[Stored dataset items]
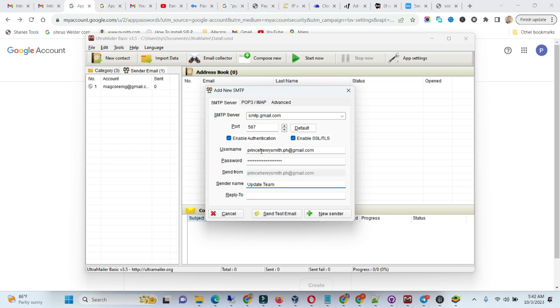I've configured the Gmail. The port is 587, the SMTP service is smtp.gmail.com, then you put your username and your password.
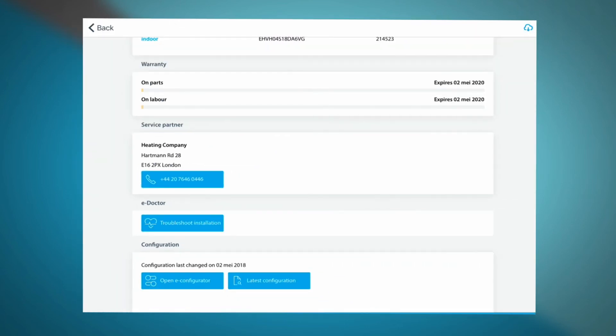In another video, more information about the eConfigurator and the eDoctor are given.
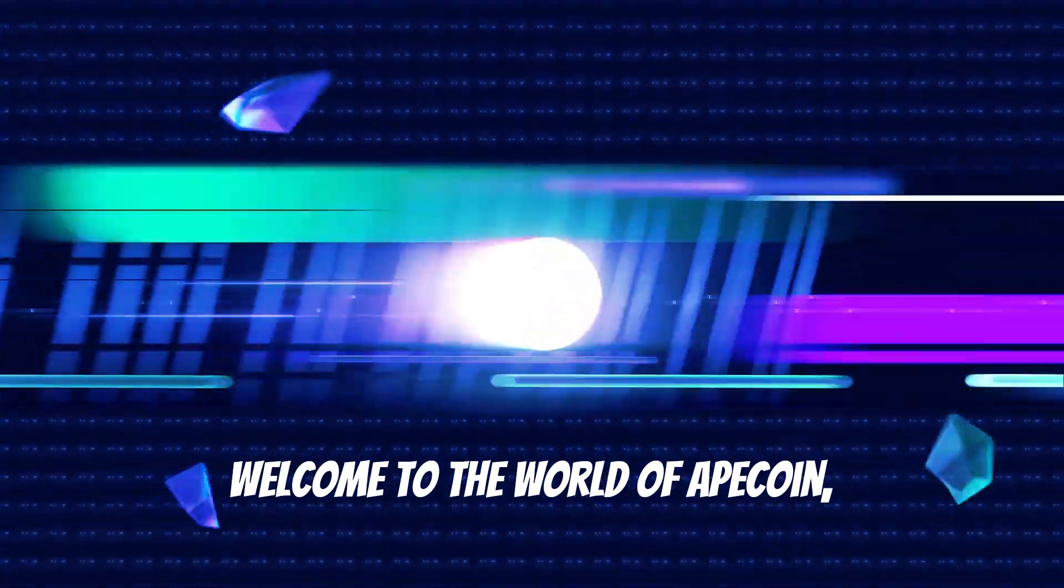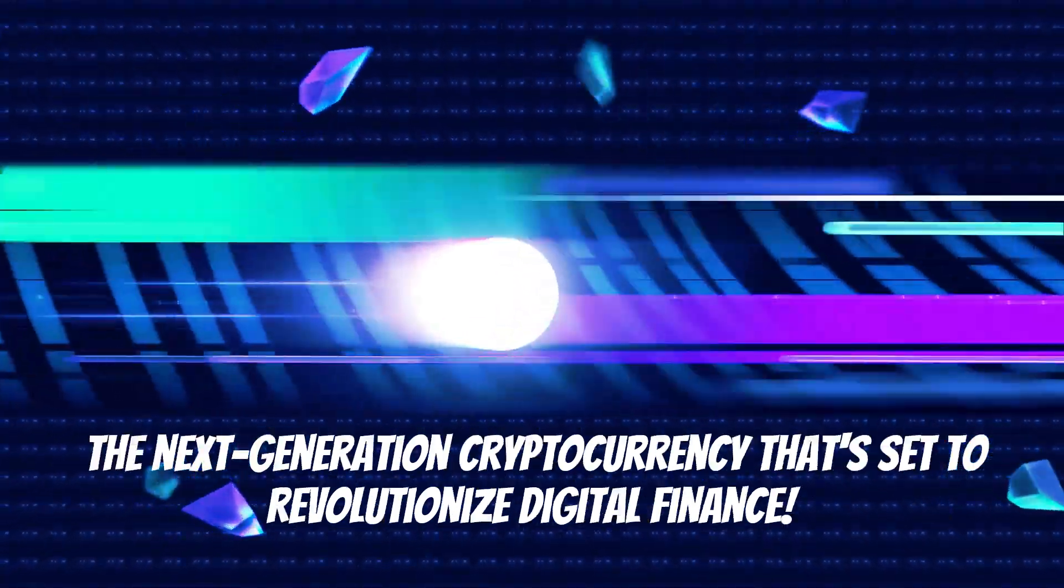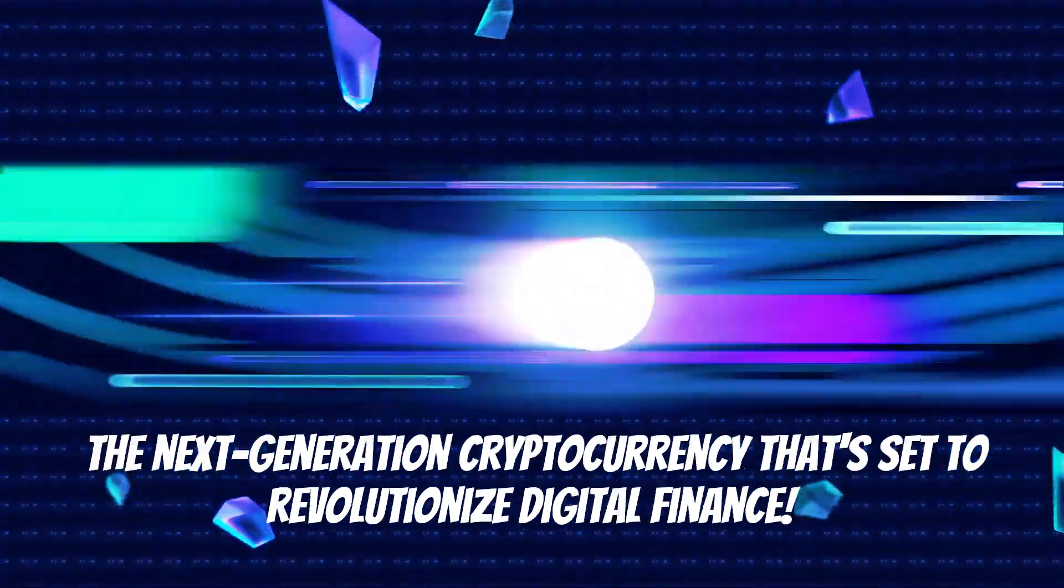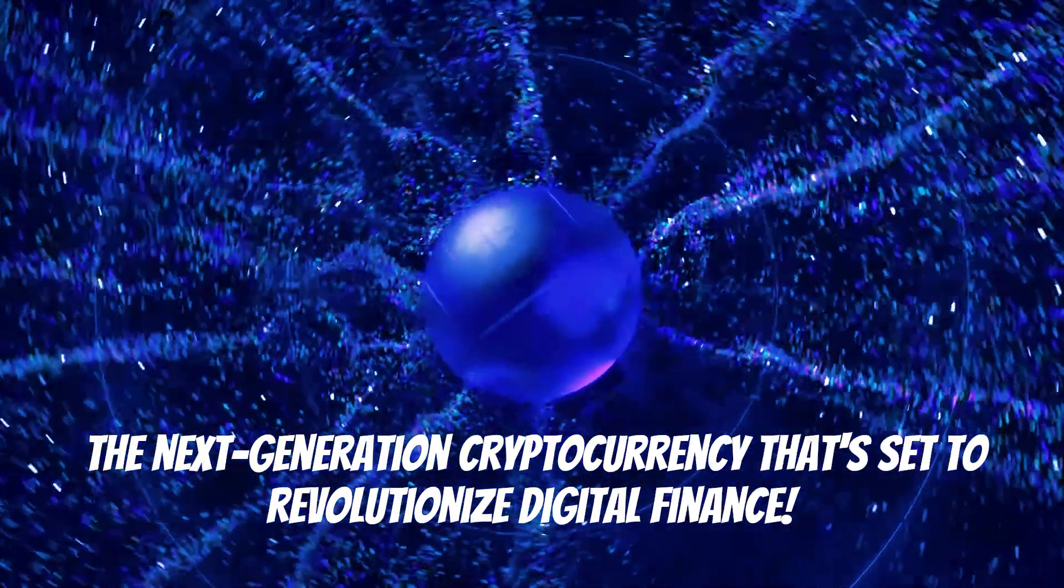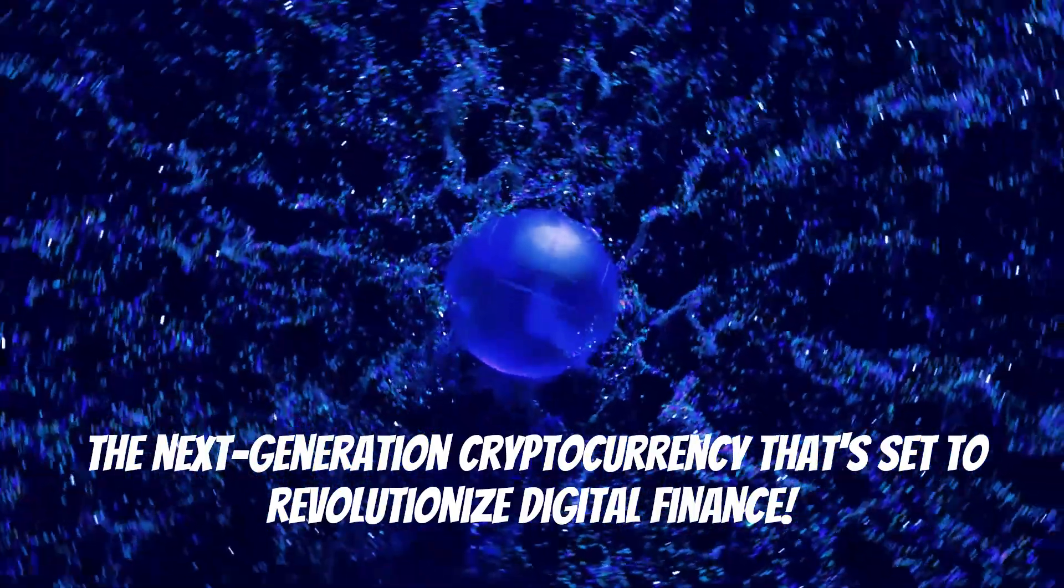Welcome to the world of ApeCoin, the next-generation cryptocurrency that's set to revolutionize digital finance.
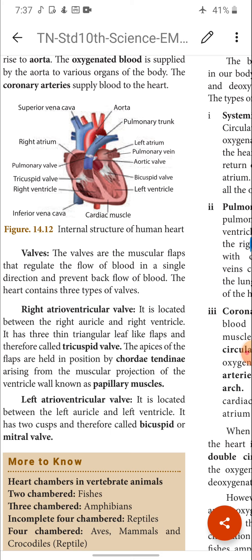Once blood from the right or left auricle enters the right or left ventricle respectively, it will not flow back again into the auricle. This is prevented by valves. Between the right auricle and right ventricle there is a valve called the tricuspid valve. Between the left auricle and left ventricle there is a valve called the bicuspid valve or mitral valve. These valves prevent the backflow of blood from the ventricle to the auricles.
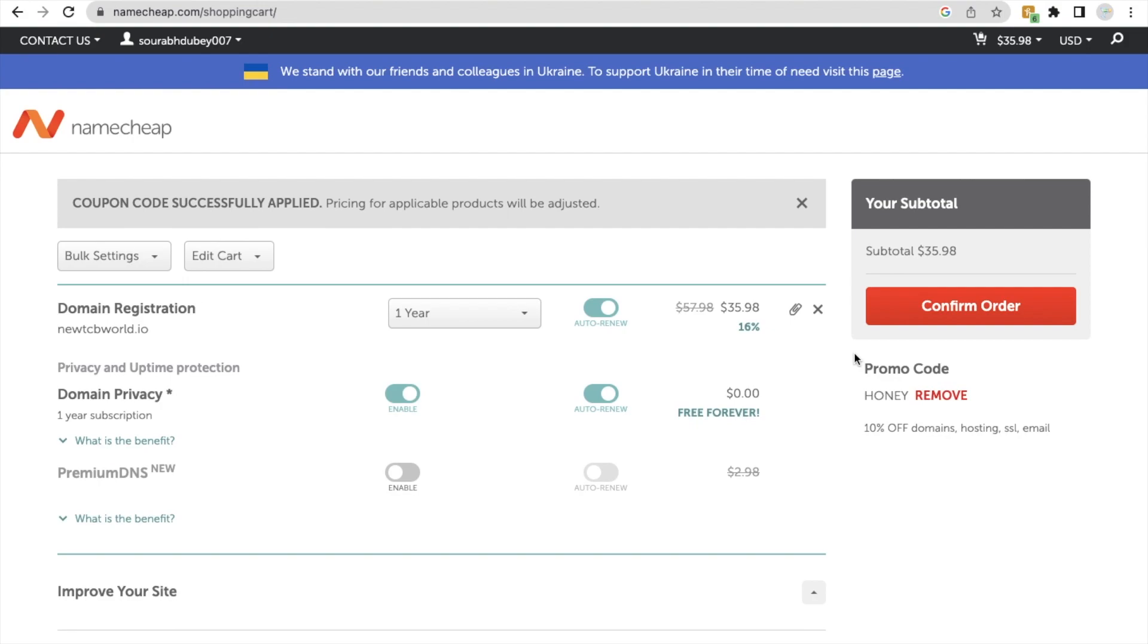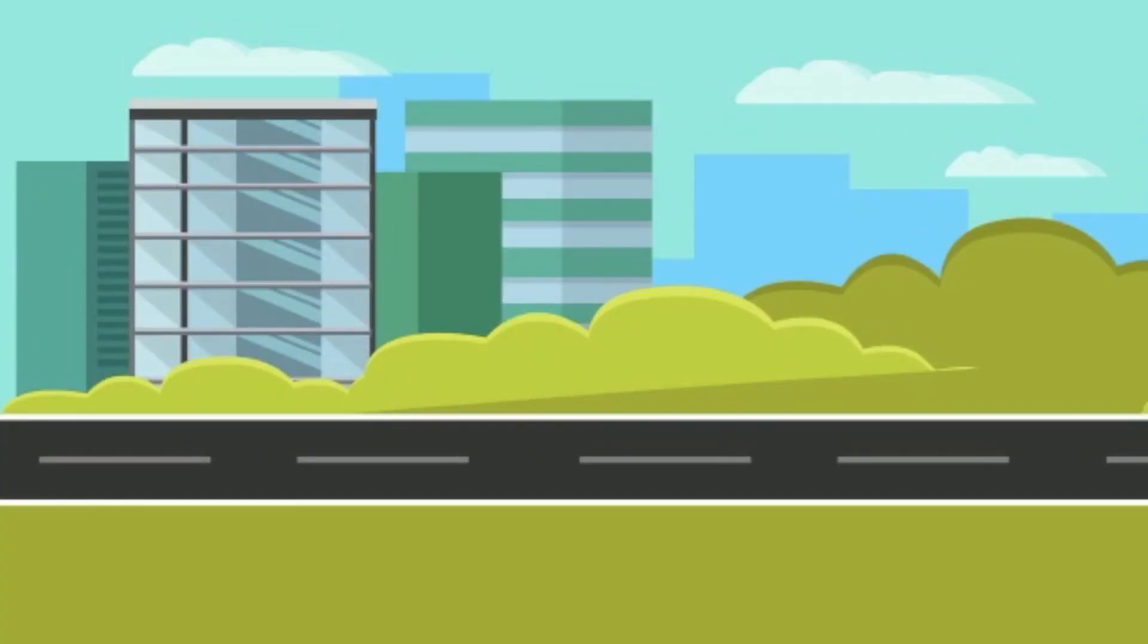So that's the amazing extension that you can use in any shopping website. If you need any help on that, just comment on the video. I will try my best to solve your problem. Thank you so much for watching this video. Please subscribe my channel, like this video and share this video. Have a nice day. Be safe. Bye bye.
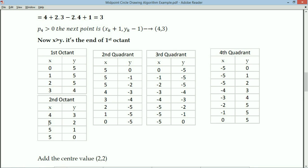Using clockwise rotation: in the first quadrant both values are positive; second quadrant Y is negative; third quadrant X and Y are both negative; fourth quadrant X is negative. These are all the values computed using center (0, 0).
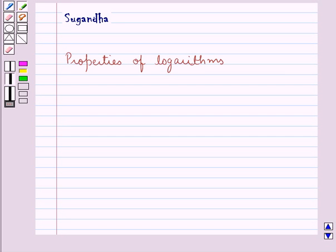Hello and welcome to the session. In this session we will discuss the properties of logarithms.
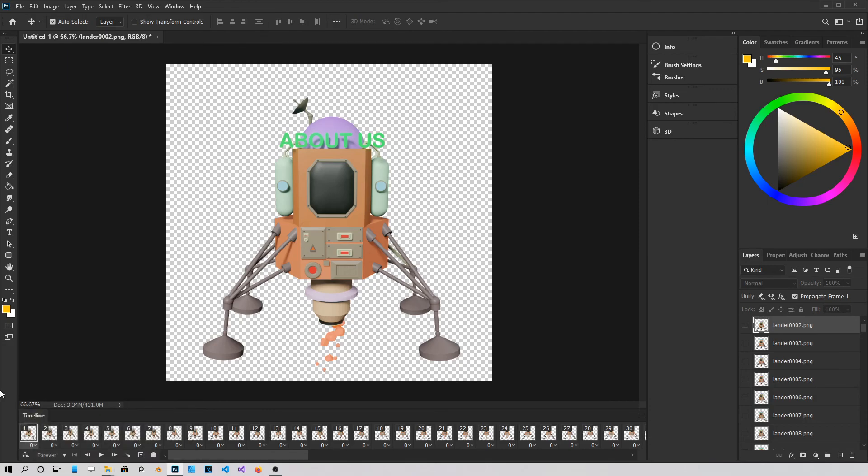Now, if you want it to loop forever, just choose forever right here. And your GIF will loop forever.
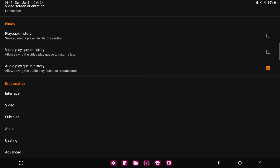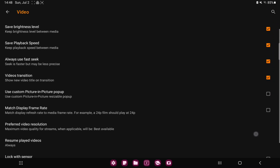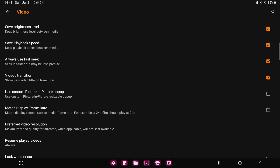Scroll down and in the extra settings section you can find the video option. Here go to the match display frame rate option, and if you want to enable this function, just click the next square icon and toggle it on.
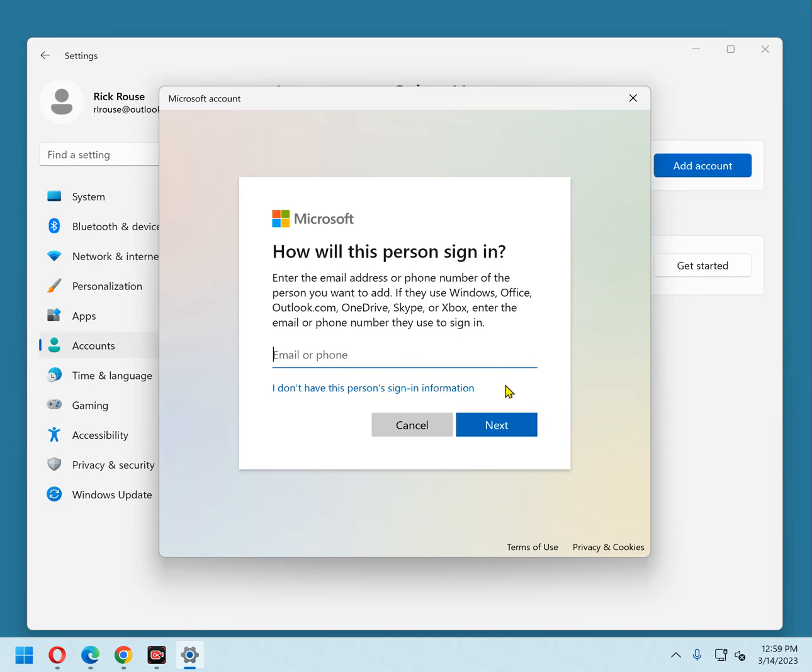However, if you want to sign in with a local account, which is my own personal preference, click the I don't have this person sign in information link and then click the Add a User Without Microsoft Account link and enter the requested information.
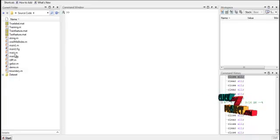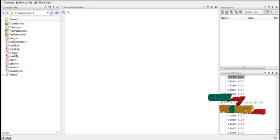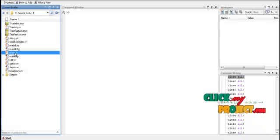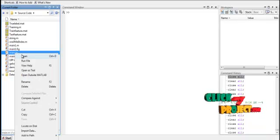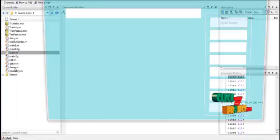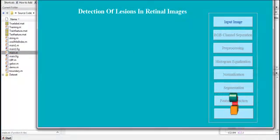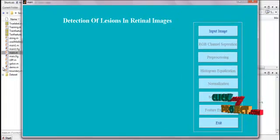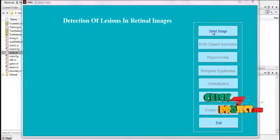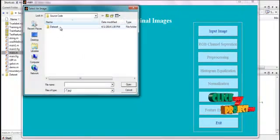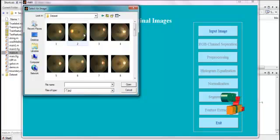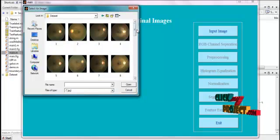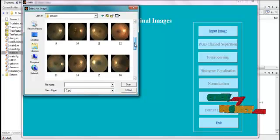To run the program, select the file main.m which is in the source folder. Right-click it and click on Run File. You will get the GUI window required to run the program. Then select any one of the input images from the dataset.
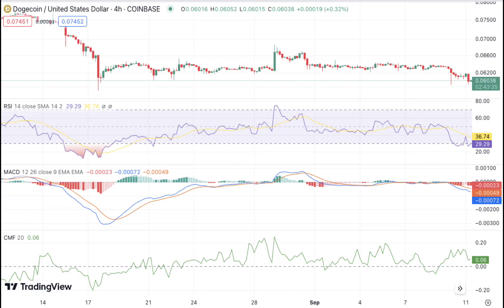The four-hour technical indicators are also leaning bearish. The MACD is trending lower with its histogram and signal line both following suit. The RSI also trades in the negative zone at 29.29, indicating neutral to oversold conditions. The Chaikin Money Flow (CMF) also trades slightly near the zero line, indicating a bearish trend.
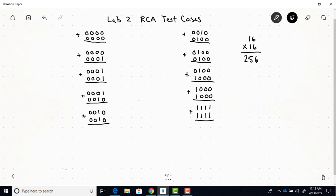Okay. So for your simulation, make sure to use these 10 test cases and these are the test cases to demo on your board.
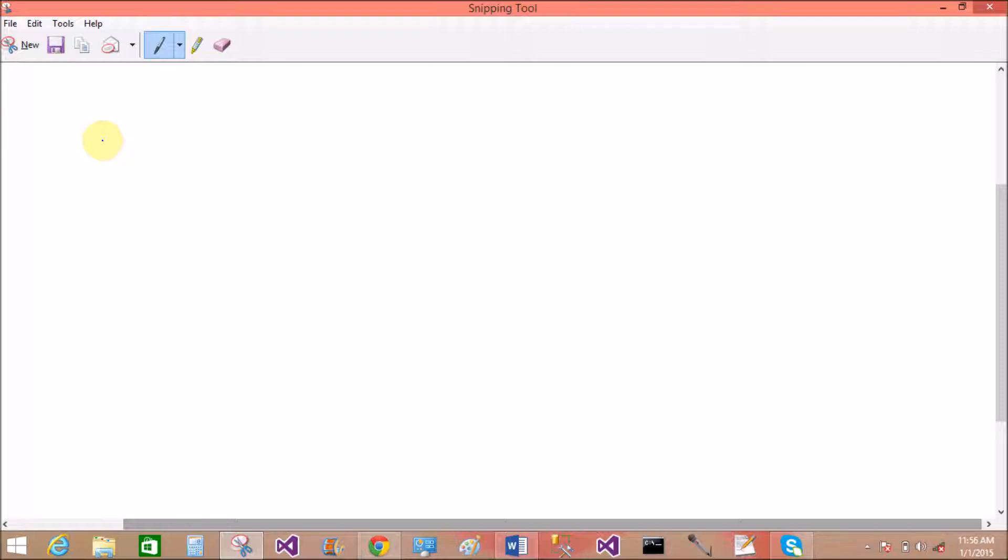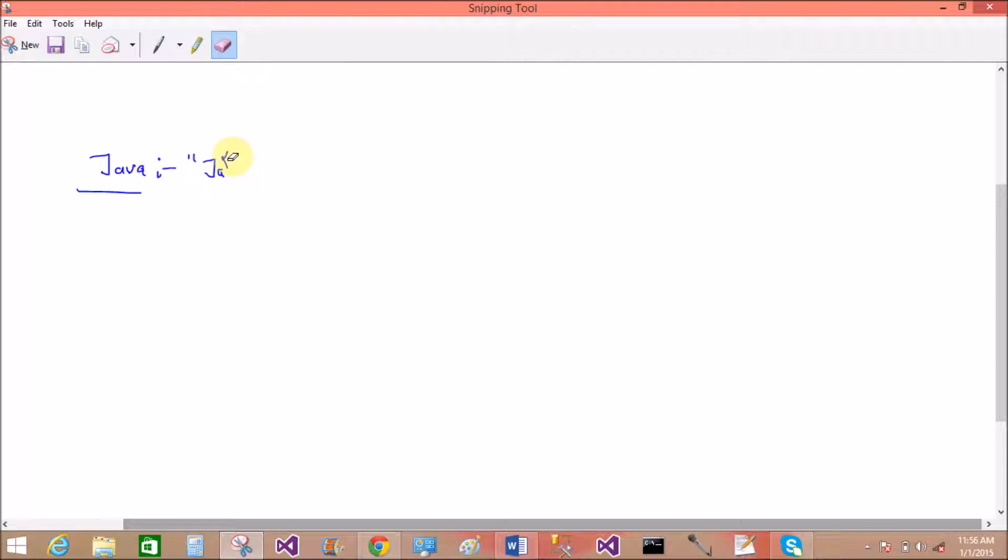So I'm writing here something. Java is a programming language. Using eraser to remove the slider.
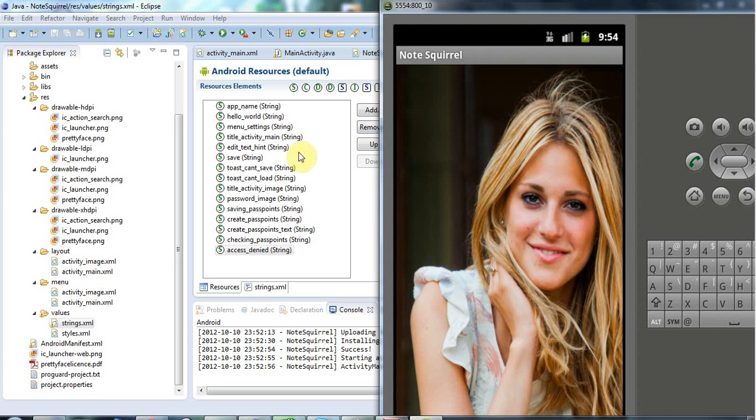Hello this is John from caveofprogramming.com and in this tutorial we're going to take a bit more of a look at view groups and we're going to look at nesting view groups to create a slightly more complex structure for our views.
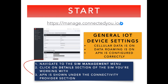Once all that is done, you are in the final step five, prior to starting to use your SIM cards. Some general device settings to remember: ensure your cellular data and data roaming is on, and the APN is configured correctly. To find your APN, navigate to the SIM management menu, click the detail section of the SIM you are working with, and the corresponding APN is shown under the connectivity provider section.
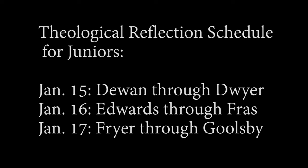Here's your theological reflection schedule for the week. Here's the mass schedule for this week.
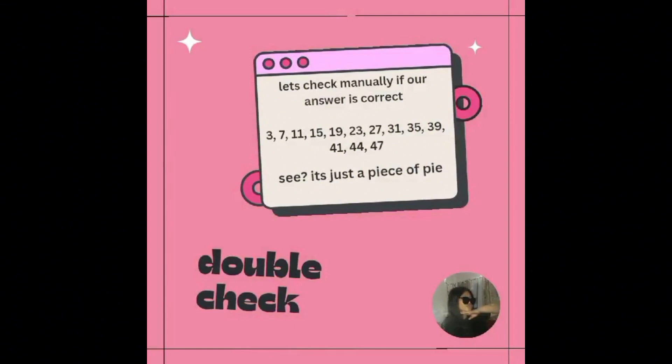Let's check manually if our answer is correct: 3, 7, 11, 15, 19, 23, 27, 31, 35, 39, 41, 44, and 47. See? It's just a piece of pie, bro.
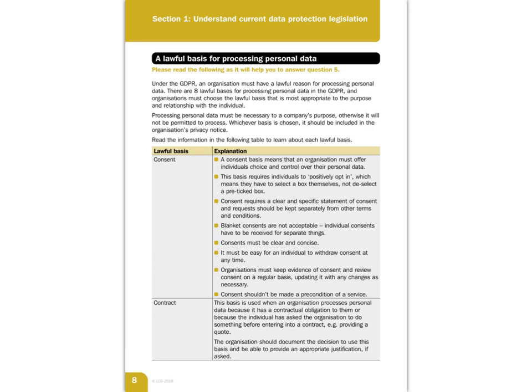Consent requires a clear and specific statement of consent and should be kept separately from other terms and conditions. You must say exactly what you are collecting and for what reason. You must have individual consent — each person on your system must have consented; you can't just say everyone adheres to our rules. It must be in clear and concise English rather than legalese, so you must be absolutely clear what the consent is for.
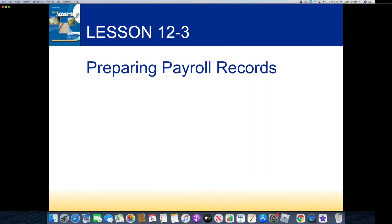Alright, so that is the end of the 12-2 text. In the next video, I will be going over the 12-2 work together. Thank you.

#### What you are asked to do
Omit every image. Quote each record exactly.

#### Your response
I've configured the Gmail. The port is 587, the SMTP service is smtp.gmail.com, then you put your username and your password.
In another video, more information about the eConfigurator and the eDoctor are given.
Welcome to the world of ApeCoin, the next-generation cryptocurrency that's set to revolutionize digital finance.
Once blood from the right or left auricle enters the right or left ventricle respectively, it will not flow back again into the auricle. This is prevented by valves. Between the right auricle and right ventricle there is a valve called the tricuspid valve. Between the left auricle and left ventricle there is a valve called the bicuspid valve or mitral valve. These valves prevent the backflow of blood from the ventricle to the auricles.
So that's the amazing extension that you can use in any shopping website. If you need any help on that, just comment on the video. I will try my best to solve your problem. Thank you so much for watching this video. Please subscribe my channel, like this video and share this video. Have a nice day. Be safe. Bye bye.
Using clockwise rotation: in the first quadrant both values are positive; second quadrant Y is negative; third quadrant X and Y are both negative; fourth quadrant X is negative. These are all the values computed using center (0, 0).
Hello and welcome to the session. In this session we will discuss the properties of logarithms.
Now, if you want it to loop forever, just choose forever right here. And your GIF will loop forever.
Scroll down and in the extra settings section you can find the video option. Here go to the match display frame rate option, and if you want to enable this function, just click the next square icon and toggle it on.
However, if you want to sign in with a local account, which is my own personal preference, click the I don't have this person sign in information link and then click the Add a User Without Microsoft Account link and enter the requested information.
To run the program, select the file main.m which is in the source folder. Right-click it and click on Run File. You will get the GUI window required to run the program. Then select any one of the input images from the dataset.
The four-hour technical indicators are also leaning bearish. The MACD is trending lower with its histogram and signal line both following suit. The RSI also trades in the negative zone at 29.29, indicating neutral to oversold conditions. The Chaikin Money Flow (CMF) also trades slightly near the zero line, indicating a bearish trend.
Okay. So for your simulation, make sure to use these 10 test cases and these are the test cases to demo on your board.
So I'm writing here something. Java is a programming language. Using eraser to remove the slider.
Hello this is John from caveofprogramming.com and in this tutorial we're going to take a bit more of a look at view groups and we're going to look at nesting view groups to create a slightly more complex structure for our views.
Once all that is done, you are in the final step five, prior to starting to use your SIM cards. Some general device settings to remember: ensure your cellular data and data roaming is on, and the APN is configured correctly. To find your APN, navigate to the SIM management menu, click the detail section of the SIM you are working with, and the corresponding APN is shown under the connectivity provider section.
Here's your theological reflection schedule for the week. Here's the mass schedule for this week.
Let's check manually if our answer is correct: 3, 7, 11, 15, 19, 23, 27, 31, 35, 39, 41, 44, and 47. See? It's just a piece of pie, bro.
Consent requires a clear and specific statement of consent and should be kept separately from other terms and conditions. You must say exactly what you are collecting and for what reason. You must have individual consent — each person on your system must have consented; you can't just say everyone adheres to our rules. It must be in clear and concise English rather than legalese, so you must be absolutely clear what the consent is for.
Alright, so that is the end of the 12-2 text. In the next video, I will be going over the 12-2 work together. Thank you.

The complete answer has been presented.